[WORKING DATA — start]

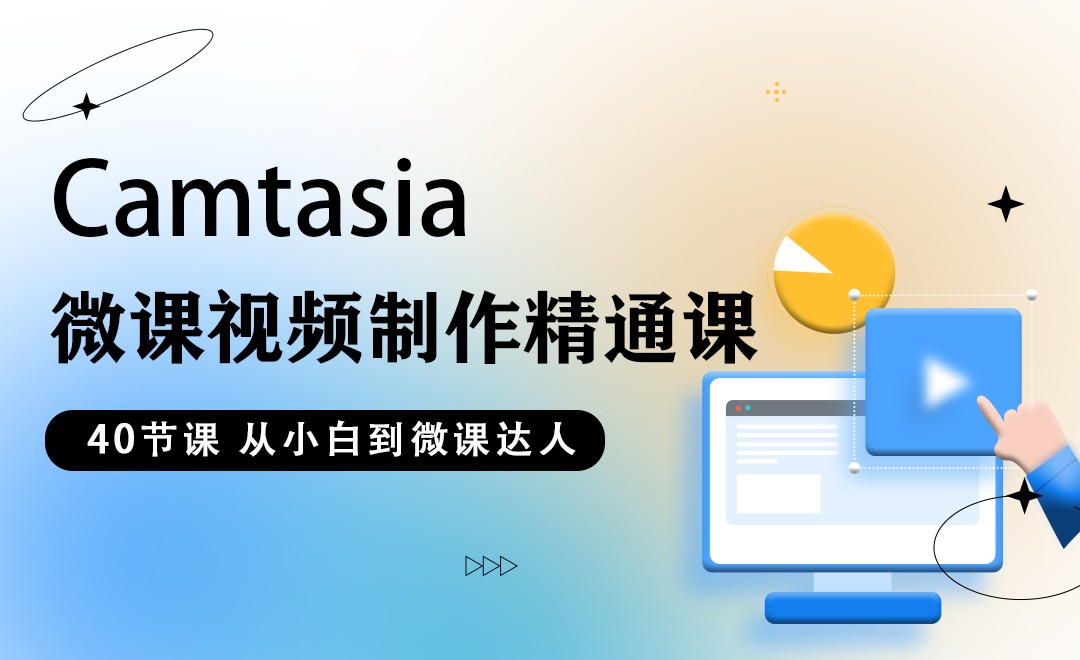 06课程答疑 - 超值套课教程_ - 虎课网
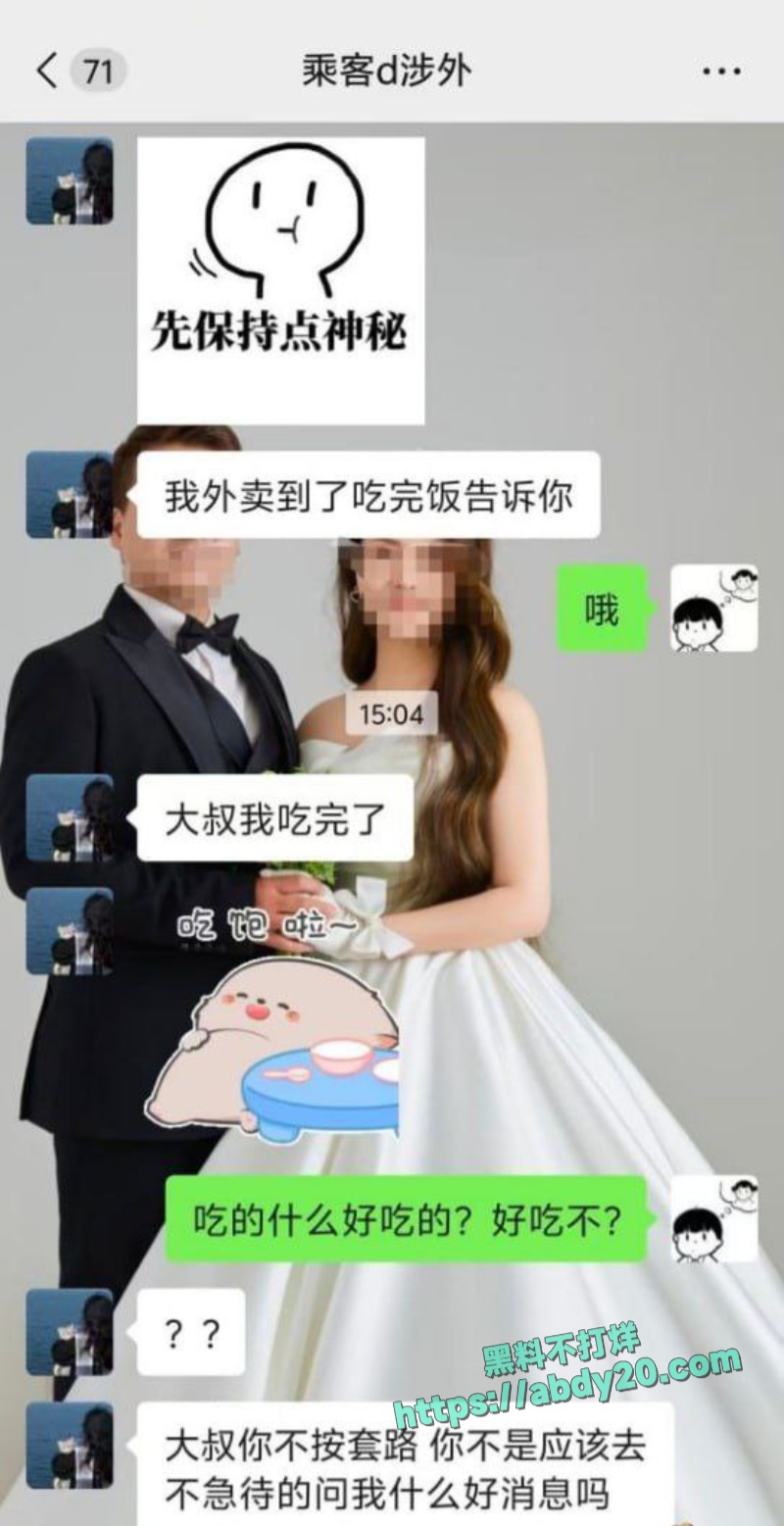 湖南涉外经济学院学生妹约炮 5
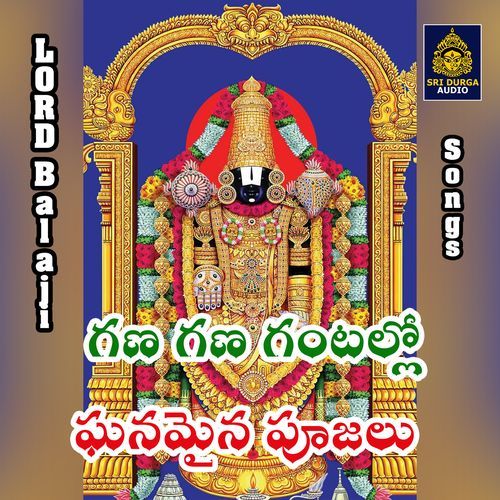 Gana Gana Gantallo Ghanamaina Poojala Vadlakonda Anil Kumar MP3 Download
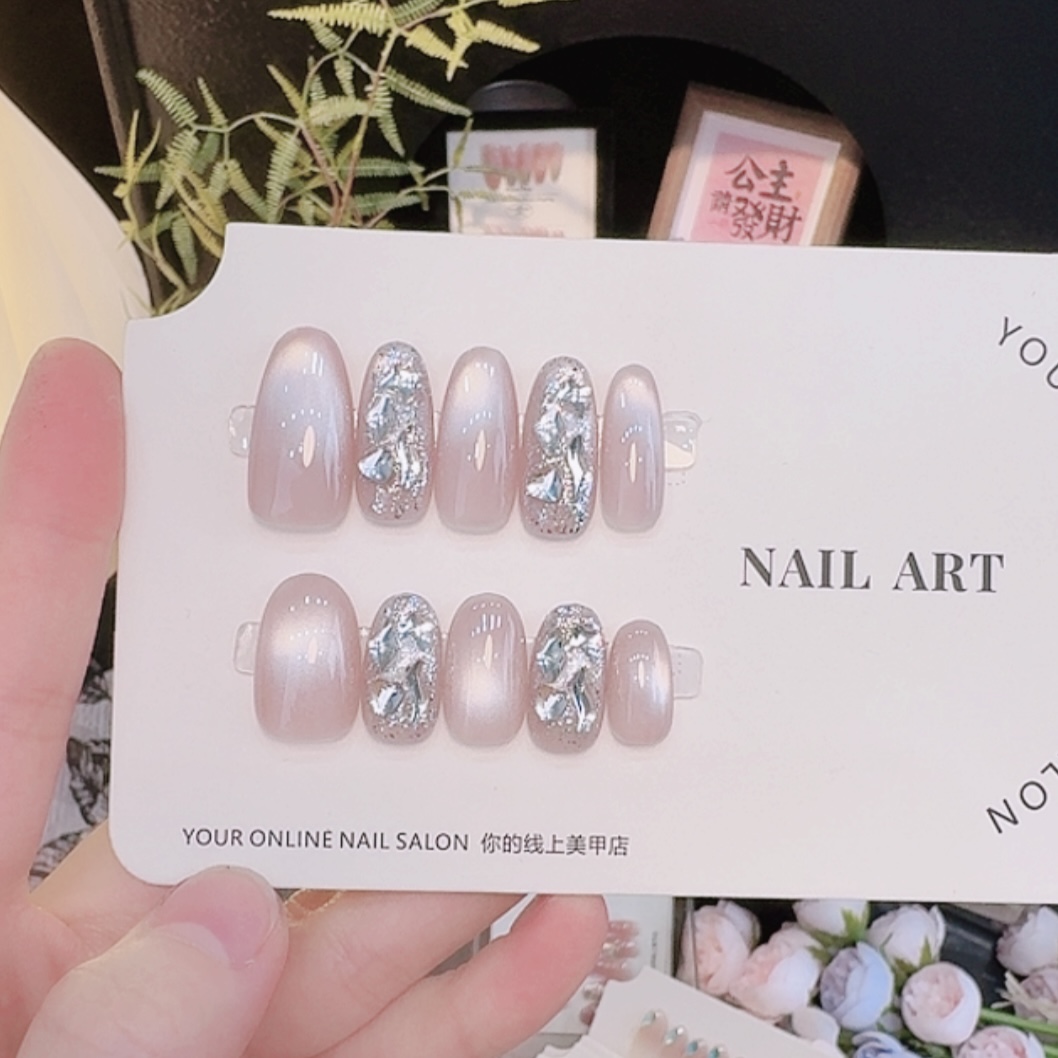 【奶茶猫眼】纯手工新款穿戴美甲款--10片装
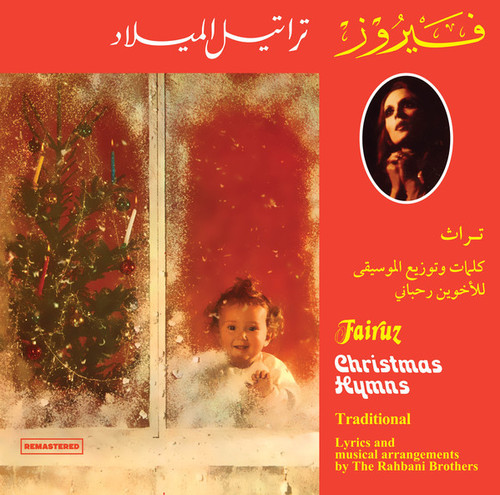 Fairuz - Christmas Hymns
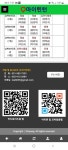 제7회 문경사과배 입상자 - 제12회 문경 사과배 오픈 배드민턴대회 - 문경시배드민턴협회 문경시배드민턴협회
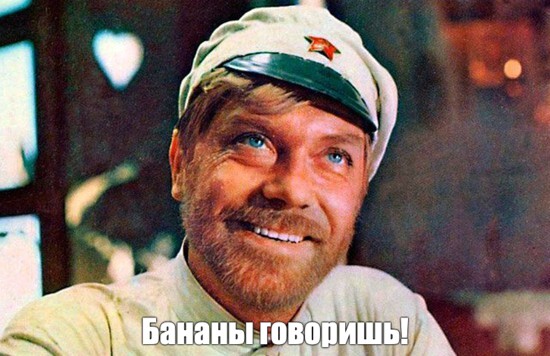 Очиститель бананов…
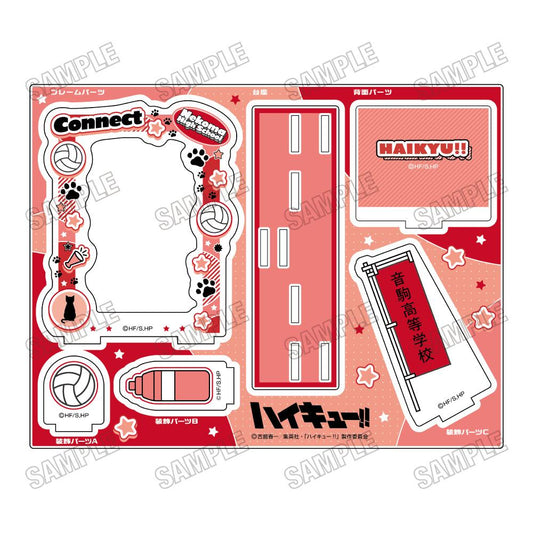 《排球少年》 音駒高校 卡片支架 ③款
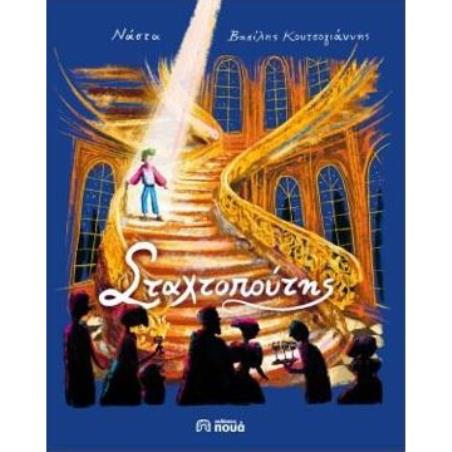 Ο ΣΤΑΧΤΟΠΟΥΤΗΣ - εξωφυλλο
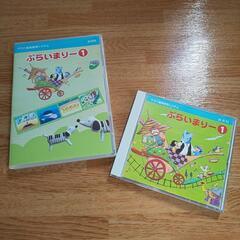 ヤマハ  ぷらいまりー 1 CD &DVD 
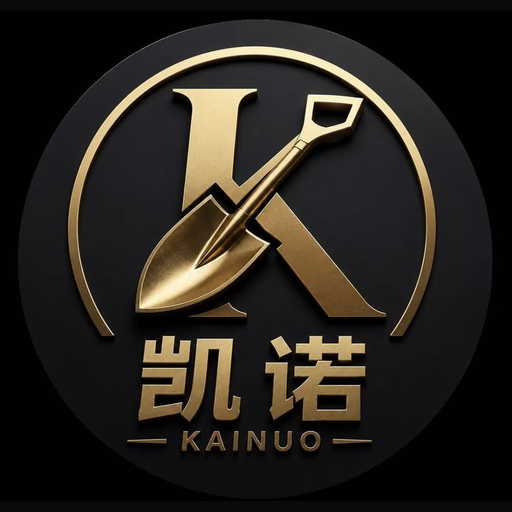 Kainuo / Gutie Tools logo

[WORKING DATA — finish]

• [WHAT TO WORK ON] For this copy, leave pictures out and reproduce the lines from the one bearing "Fairuz - Christmas Hymns" through the final line of the listing above, both ends included.

• [RESPONSE TO THE EXERCISE]
 Fairuz - Christmas Hymns
 제7회 문경사과배 입상자 - 제12회 문경 사과배 오픈 배드민턴대회 - 문경시배드민턴협회 문경시배드민턴협회
 Очиститель бананов…
 《排球少年》 音駒高校 卡片支架 ③款
 Ο ΣΤΑΧΤΟΠΟΥΤΗΣ - εξωφυλλο
 ヤマハ  ぷらいまりー 1 CD &DVD 
 Kainuo / Gutie Tools logo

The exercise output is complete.